## EXERCISE INSTRUCTIONS
Only lines with the string "transverse" should be returned from the data below.

Records from a dataset:
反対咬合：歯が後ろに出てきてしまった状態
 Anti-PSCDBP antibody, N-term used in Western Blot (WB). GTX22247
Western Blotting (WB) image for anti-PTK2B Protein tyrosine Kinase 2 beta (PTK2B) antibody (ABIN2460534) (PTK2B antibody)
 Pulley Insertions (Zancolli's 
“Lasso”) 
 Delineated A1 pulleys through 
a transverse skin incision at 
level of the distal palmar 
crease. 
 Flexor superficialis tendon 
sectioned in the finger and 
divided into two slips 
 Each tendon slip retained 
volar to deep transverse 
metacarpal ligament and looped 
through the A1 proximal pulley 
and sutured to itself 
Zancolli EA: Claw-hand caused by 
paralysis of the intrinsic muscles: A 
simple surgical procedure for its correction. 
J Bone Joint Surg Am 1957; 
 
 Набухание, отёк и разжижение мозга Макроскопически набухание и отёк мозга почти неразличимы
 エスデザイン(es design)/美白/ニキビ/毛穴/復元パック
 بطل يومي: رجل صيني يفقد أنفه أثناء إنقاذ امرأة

## TASK OUTPUT
a transverse skin incision at 
volar to deep transverse 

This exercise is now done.